Its fate heading into the 2022 elections
“Pray for democracy,” read a sign spotted Sunday in the window of a Craigsville, West Virginia business. Nicholas County voted for Donald Trump by nearly four to one in 2020. My first reaction in this remote crossroads was, Whose idea of democracy? Likely someone who voted Biden, my wife interjected. Even in the reddest rural places, they are out there.
NBC News released a poll Sunday showing a majority of Americans favor continuing the investigations into “alleged wrongdoing by former President Donald Trump.” More eye-catching was how “threats to democracy” now tops of Americans’ concerns by five points, even over the “cost of living.”
Democracy has become a smear among the Joe McCarthy-adjacent on the right, as Robert Draper wrote last week:
What is different now is the use of “democracy” as a kind of shorthand and even a slur for Democrats themselves, for the left and all the positions espoused by the left, for hordes of would-be but surely unqualified or even illegal voters who are fundamentally anti-American and must be opposed and stopped at all costs. That anti-democracy and anti-“democracy” sentiment, repeatedly voiced over the course of my travels through Arizona, is distinct from anything I have encountered in over two decades of covering conservative politics.
Americans not under Trumpism’s spell have reason for concern. Whether following Trump or Florida Gov. Ron DeSantis (a Florida friend calls him Rhonda Santis), it seems a majority on the right (a minority overall, thankfully) now embrace “authoritarianism in the name of liberty and godliness,” writes Ed Kilgore. “Anyone utilizing the democratic process to promote alternative policy visions [to theirs] is deemed un-American, and their successes are dismissed as illegitimate.”

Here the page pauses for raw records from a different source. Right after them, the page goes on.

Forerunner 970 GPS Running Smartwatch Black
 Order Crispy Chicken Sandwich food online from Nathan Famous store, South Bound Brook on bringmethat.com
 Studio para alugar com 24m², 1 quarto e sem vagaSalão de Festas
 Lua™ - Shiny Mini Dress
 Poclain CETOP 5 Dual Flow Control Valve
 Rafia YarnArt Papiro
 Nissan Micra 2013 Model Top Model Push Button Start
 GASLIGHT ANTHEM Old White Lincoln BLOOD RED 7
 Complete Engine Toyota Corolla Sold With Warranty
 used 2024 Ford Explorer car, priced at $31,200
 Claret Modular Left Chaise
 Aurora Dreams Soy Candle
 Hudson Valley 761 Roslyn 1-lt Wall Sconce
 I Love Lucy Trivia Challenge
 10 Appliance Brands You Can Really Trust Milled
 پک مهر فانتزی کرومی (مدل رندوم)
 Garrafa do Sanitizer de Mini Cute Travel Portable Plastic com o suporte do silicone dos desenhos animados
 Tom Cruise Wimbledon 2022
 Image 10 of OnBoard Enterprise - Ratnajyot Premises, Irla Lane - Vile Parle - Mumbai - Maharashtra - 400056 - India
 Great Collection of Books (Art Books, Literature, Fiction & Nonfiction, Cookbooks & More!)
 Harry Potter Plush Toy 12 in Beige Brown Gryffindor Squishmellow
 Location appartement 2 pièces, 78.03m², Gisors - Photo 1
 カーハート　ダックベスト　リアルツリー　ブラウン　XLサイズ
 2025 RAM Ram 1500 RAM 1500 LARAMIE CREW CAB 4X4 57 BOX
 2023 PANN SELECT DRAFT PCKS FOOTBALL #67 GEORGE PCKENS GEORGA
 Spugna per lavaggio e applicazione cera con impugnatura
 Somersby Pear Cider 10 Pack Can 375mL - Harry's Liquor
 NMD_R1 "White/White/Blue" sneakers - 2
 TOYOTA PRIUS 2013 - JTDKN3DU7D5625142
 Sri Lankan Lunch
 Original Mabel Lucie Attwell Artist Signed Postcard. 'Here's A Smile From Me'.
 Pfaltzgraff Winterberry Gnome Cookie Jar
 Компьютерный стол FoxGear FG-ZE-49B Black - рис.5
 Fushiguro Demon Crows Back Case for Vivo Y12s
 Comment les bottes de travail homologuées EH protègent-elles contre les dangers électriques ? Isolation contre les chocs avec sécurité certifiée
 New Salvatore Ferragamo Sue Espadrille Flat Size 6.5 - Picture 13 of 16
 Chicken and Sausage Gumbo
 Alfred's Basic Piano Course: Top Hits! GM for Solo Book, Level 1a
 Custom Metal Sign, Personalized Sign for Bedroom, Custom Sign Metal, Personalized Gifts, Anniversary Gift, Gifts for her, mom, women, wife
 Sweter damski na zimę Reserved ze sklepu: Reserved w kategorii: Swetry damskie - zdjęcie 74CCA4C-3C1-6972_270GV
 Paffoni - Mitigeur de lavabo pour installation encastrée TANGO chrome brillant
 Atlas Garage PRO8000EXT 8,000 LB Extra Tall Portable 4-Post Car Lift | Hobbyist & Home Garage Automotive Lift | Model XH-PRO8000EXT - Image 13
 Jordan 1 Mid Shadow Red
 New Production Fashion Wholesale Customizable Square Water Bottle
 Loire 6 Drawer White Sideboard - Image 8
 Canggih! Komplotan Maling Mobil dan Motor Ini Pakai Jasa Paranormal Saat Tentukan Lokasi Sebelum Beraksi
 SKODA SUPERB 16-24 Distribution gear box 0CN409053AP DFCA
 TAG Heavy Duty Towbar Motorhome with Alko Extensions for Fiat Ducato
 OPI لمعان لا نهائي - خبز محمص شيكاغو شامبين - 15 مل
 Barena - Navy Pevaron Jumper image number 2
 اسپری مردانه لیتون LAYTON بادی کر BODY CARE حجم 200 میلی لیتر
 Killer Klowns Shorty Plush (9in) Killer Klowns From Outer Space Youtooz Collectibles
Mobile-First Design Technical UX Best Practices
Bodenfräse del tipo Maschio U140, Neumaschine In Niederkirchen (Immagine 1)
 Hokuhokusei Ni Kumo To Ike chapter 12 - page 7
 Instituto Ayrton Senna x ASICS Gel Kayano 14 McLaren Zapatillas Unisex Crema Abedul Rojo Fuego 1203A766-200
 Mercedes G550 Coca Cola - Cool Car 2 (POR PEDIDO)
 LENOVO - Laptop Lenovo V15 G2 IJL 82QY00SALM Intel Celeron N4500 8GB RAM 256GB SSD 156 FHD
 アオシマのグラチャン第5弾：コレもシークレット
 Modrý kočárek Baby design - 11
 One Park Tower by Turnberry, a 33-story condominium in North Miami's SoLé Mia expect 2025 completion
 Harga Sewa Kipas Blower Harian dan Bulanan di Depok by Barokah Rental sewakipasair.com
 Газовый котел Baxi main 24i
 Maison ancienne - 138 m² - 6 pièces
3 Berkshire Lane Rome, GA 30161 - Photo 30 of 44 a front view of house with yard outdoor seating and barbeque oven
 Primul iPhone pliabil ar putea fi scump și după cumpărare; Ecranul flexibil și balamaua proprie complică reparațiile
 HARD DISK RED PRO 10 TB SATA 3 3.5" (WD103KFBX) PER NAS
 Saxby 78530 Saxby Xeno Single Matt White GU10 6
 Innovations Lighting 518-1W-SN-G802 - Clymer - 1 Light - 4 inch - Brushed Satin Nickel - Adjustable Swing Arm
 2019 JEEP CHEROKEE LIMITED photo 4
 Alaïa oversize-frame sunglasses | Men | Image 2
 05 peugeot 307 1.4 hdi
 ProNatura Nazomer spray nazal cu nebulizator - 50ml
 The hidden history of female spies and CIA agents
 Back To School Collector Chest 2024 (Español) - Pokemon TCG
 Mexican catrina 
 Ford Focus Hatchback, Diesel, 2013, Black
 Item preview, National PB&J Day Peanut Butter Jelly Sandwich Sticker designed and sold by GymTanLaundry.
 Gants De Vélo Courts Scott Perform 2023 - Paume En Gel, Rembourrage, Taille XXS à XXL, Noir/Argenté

Education is UN-indoctrination
The split is largely but not entirely urban-rural. The Hart Research Associates/Public Opinion Strategies survey of 1,000 registered voters (3/4 on cell phones) accounted for age, sex, race and ethnicity, but not urban/rural locations.
A new study from Canada (I have not had time to review) explores asymmetries in place-based resentments:
First, we ask how place resentment varies across all possible combinations of urban, suburban, and rural in-groups and out-groups. Second, we explore if high-resentment individuals in urban, suburban, and rural areas share similar socio-demographic and political characteristics. Finally, we investigate how citizens’ satisfaction with their elected representatives, and positions on contentious and important policy issues, are related to place-based resentment. We investigate these questions using two large-scale surveys of the Canadian public. We find that place-based resentment is highly asymmetric: resentment is strongest among rural residents regardless of the target (suburban or urban) of their resentment, whereas urban and suburban residents tend to resent each other more than either group resents rural areas. We also find substantial asymmetries in the correlates and political implications of place resentment. Our findings suggest that place resentment is an important and politically consequential phenomenon across all place types, but also that the character and strength of this resentment is quite different in rural, suburban, and urban places.
Something pollsters might want to consider along with education level.
A fascinating Twitter thread on Sunday (self-selected, of course) explored how a college education can profoundly change political and social perspectives among people raised in rural or sequestered communities.
Justin Kanew counters the conservative talking point that universities and liberal professors are indoctrinating students. They don’t have that power. What changes students more is exposure to other students from different places, countries, and walks of life.
“Education is UN-indoctrination. That’s why they resent it,” Kanew says of conservatives.
Browse through the thread for the “testimonies” of people from rural areas whose exposure to new ideas challenged the ones with which they were indoctrinated by parents and preachers.
Education, democracy, multiculturalism, immigrants, etc., are a near-mortal threat to conservative parochialism. That’s why so many conservatives resent them.